Could this be a torch version issue?

Srinivas-R commented 5 years ago

Do you have free disk space to store the checkpoints? I faced some issues (error was different, but equally unhelpful: Torch unknown error -1", when I switched to bigger hidden sizes, turns out it was lack of disk space. Monitoring the GPU mem might also help.

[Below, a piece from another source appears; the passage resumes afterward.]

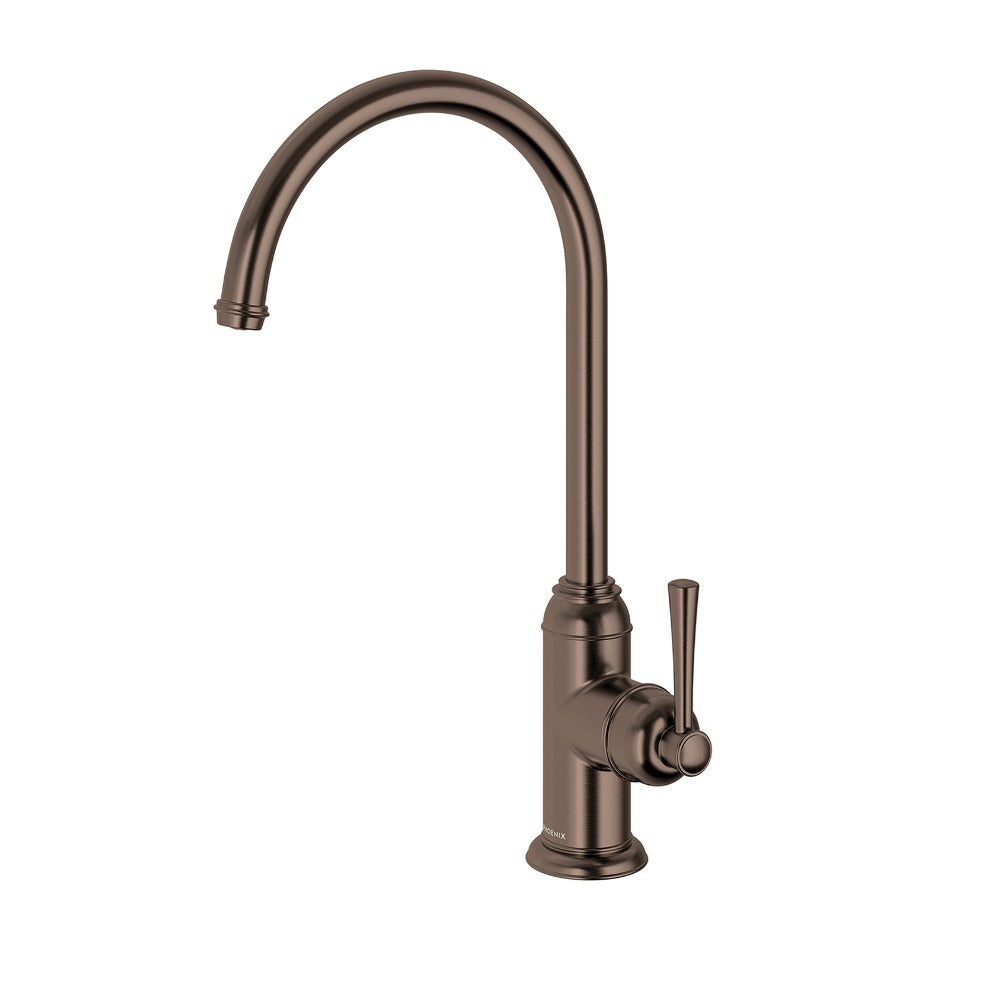 Phoenix Cromford Sink Mixer 180mm Brushed Bronze 134-7330-24-1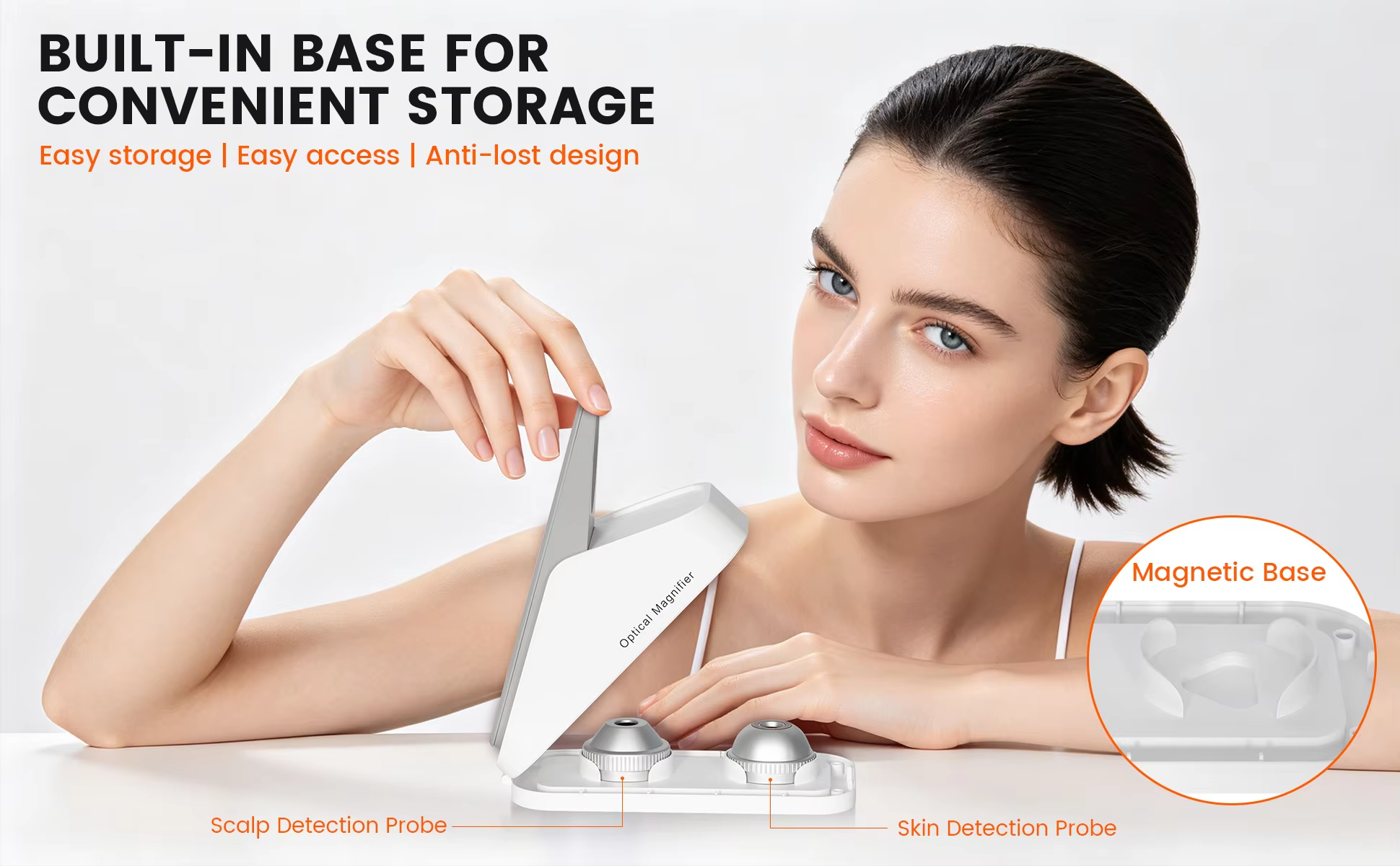 15.6 Inches Touchscreen 2 Probes 5 Languages Scalp and Face Skin Analysis machine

liuzzi commented 5 years ago

Hm. No its definitely not a disk space issue. I actually tried on two different servers and got the same problem

liuzzi commented 5 years ago

to give a bit more context to the error: this didnt happen until epoch 11 with 300 hidden layers and 8 decoder steps

/pytorch/aten/src/THCUNN/BCECriterion.cu:42: Acctype bce_functor<Dtype, Acctype>::operator()(Tuple) [with Tuple = thrust::detail::tuple_of_iterator_references<thrust::device_reference<float>, thrust::device_reference<float>, thrust::null_type, thrust::null_type, thrust::null_type, thrust::null_type, thrust::null_type, thrust::null_type, thrust::null_type, thrust::null_type>, Dtype = float, Acctype = float]: block: [0,0,0], thread: [31,0,0] Assertion `input >= 0. && input <= 1.` failed.
Traceback (most recent call last):  
  File "train.py", line 169, in <module>
    main()
  File "train.py", line 125, in main
    model.update(batch)
  File "/mnt/research/san_mrc/src/model.py", line 94, in update
    loss = loss + F.binary_cross_entropy(pred, torch.unsqueeze(label, 1)) * self.opt.get('classifier_gamma', 1)
  File "/usr/local/lib64/python3.6/site-packages/torch/nn/functional.py", line 1603, in binary_cross_entropy
    return torch._C._nn.binary_cross_entropy(input, target, weight, reduction)
RuntimeError: reduce failed to synchronize: device-side assert triggered
namisan commented 5 years ago

I still haven't reproduce this error. Here is my docker: allenlao/pytorch-allennlp-rtd

tungloong commented 5 years ago

I have encountered this problem too. Then I probably solve this by changing 'F.binary_cross_entropy' to 'F.binary_cross_entropy_with_logits', referring to https://github.com/pytorch/pytorch/issues/2209. After doing that, the error above not happens but I face another error saying that

Traceback (most recent call last):
  File "train.py", line 165, in <module>
    main()
  File "train.py", line 108, in main
    results, labels = predict_squad(model, dev_data, v2_on=args.v2_on)
  File "/home/tungloong/san_mrc-master/my_utils/data_utils.py", line 33, in predict_squad
    phrase, spans, scores = model.predict(batch)
  File "/home/tungloong/san_mrc-master/src/model.py", line 140, in predict
    s_offset, e_offset = spans[i][s_idx][0], spans[i][e_idx][1]
IndexError: list index out of range

So I not sure about whether it works. And I am not running it with the new config. I'll try it another day.

namisan commented 5 years ago

I'm not sure if you processed the data correctly, e.g., correct SQuAD version. The errors say s_idx/e_idx may be out of range.